*Exercise brief*
Quote every line below exactly and skip any picture.

---*---

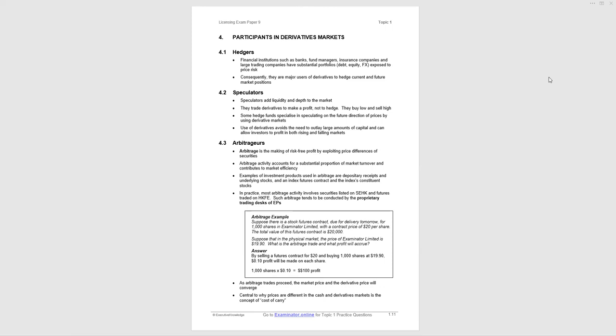Thirdly, arbitrageurs make risk-free profit by exploiting price differences of securities in the market. We've given you an arbitrage example to work through. But the question in the exam for different participants really tests if you appreciate the difference among these three participants in derivatives markets.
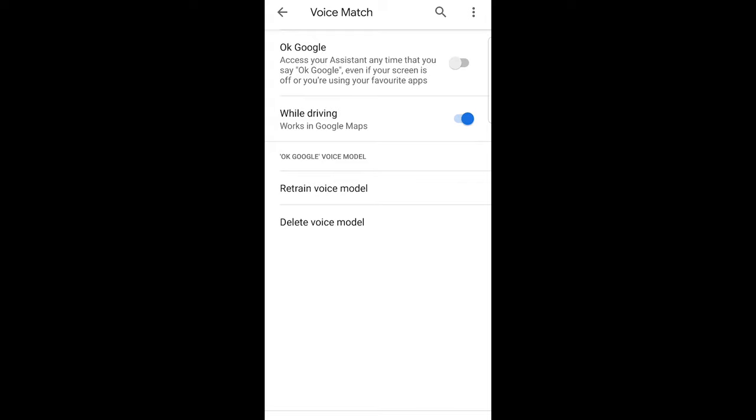And another one will be lock screen personal result. And toggle that option off as well on your Android phone. And this should fix your problem and you should be able to hear each other whenever you are making calls on Android phone.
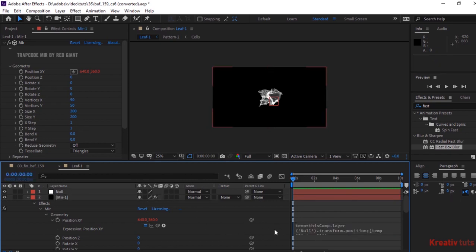Do the same for Position Z, Rotate X, Y and Z. The script is given in the description.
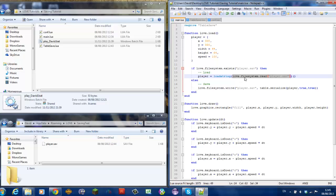Love.filesystem reads the file and we should have saved it in player.sav because we also check if it exists.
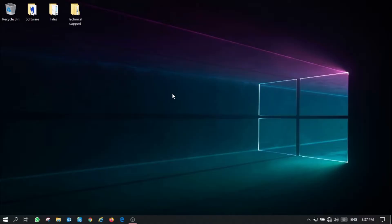Hello everyone and welcome to this RJ Connect Tech Hub video tutorial. Today we're going to be focusing on how to set up an OpenVPN server on a Moxa EDR810 2GSFP.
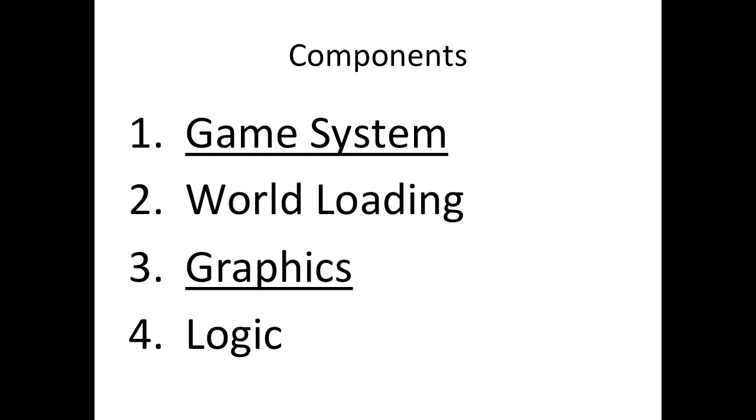So I can roughly break this series down into four parts. The first part, game system, is the part in which I will cover how you can set up your game architecture and how you can combine graphics with logic and data.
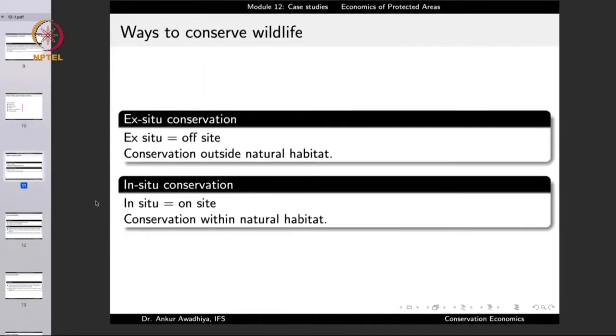When we want to protect species against extinction factors, there are two modes available. We can take the species out of the natural environment and give them a high level of protection in a zoo — keeping animals in controlled conditions with sufficient food, water, and veterinary care. The other way is to protect species while they remain in their natural environment. This brings us to two modes of conserving wildlife: ex-situ conservation, which is conservation outside the natural habitat such as in zoos or aquaria, and in-situ conservation, which is conservation within the natural habitat such as a national park.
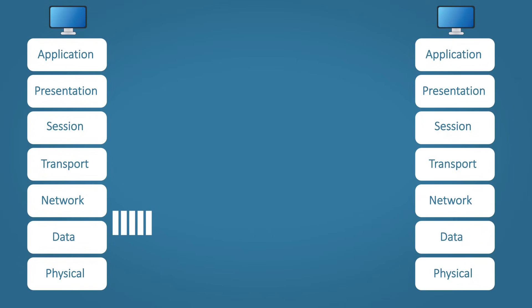Step six, data link. The MAC address of the router and the source MAC address of the host is added to the data.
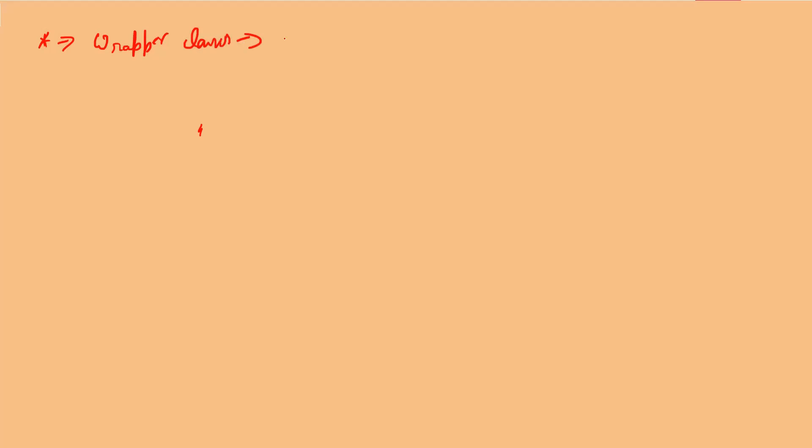Now let's come to the question we are going to discuss: how to create an immutable class in Java. For this, there are certain rules. One point I would like to specify is that all the wrapper classes in Java like Integer, Boolean, Byte, Short, and String are all immutable. This question can also be asked during interviews.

---*---

*Exercise solution*
Thirdly, arbitrageurs make risk-free profit by exploiting price differences of securities in the market. We've given you an arbitrage example to work through. But the question in the exam for different participants really tests if you appreciate the difference among these three participants in derivatives markets.
And another one will be lock screen personal result. And toggle that option off as well on your Android phone. And this should fix your problem and you should be able to hear each other whenever you are making calls on Android phone.
Do the same for Position Z, Rotate X, Y and Z. The script is given in the description.
Love.filesystem reads the file and we should have saved it in player.sav because we also check if it exists.
Hello everyone and welcome to this RJ Connect Tech Hub video tutorial. Today we're going to be focusing on how to set up an OpenVPN server on a Moxa EDR810 2GSFP.
So I can roughly break this series down into four parts. The first part, game system, is the part in which I will cover how you can set up your game architecture and how you can combine graphics with logic and data.
When we want to protect species against extinction factors, there are two modes available. We can take the species out of the natural environment and give them a high level of protection in a zoo — keeping animals in controlled conditions with sufficient food, water, and veterinary care. The other way is to protect species while they remain in their natural environment. This brings us to two modes of conserving wildlife: ex-situ conservation, which is conservation outside the natural habitat such as in zoos or aquaria, and in-situ conservation, which is conservation within the natural habitat such as a national park.
Step six, data link. The MAC address of the router and the source MAC address of the host is added to the data.
Now let's come to the question we are going to discuss: how to create an immutable class in Java. For this, there are certain rules. One point I would like to specify is that all the wrapper classes in Java like Integer, Boolean, Byte, Short, and String are all immutable. This question can also be asked during interviews.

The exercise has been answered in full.